Is depression an epidemic? Barbara Ehrenreich says that the way that depression seemed to sweep across Western Europe in the 17th Century looks like one, but is probably the result of the modern age's celebration of individuality. An increased sense of personal autonomy was accompanied by the loss of communal rituals and festivities that emphasized belonging to communities.


There's an Upside to Color Blindness?

Researcher Amanda Melin posits that color blindness might be an advantageous adaptation for capuchins hunting camouflaged insects. For us humans? Not so much—"selection pressure for maintaining color vision could have relaxed because it wasn’t a big advantage in the habitat or types of hunting used at the time."


Confessions of a Car Salesman

Chandler Phillips thought he was applying to Edmunds.com for a job writing an advice column on buying and leasing cars. The editors had a better idea. They asked him to go undercover and work as a salesman at two lots: a high-pressure import dealership on the "auto mile" and a no-haggle American showroom.


The Archeology of Table Manners

Kate Colquhoun reviews Martin Jones's Feast: Why Humans Share Food. At first I thought the article's title was absurdly inflated, but I was convinced by the time Colquhoun wrote: "To mangle Brillat-Savarin, he dissects not just what early humans ate, but how they ate, in order to draw conclusions about who they were. In the process, he proves once again that food and the ways we have chosen to process and proffer it can be more revealing than any other historical or prehistoric artefact."

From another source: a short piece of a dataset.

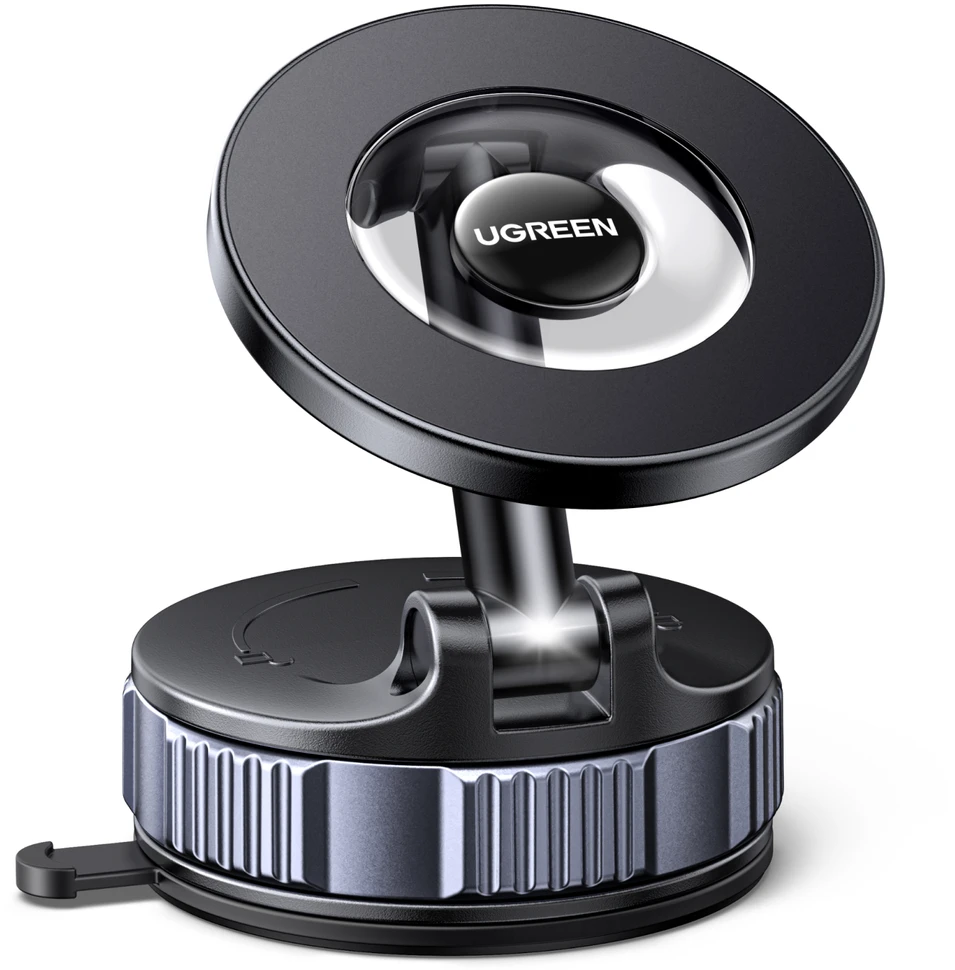 Ugreen Automobilinis magnetinis telefono laikiklis su siurbtuku, juodas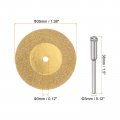 Harfington 10pcs Diamond Cutting Wheel 35mm Titanium Coatings Replacement Cut Off Wheel Blades With 2pcs 3mm Mandrel For Rotary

A Narrative History of the Light Bulb

"While in residence at the Baltimore Museum of Industry during the last two years, Catherine Wagner was given access to their 50,000+ collection of historic light bulbs, one of the premier collections of vintage and antique light bulbs in the United States, with lights dating from the early 19th century. The resulting series of photographs titled A Narrative History of the Light Bulb embodies both sculptural installation and photography. Wagner creates arrangements of bulbs that she then photographs with an 8 by 10 view camera in order to record the glass enclosures and the delicate filaments in stunning detail. Wagner’s work has long been noted for its investigation of the dissemination of knowledge and the construction of culture and these new works follow in her trajectory of providing access to the close scrutiny of scientific objects."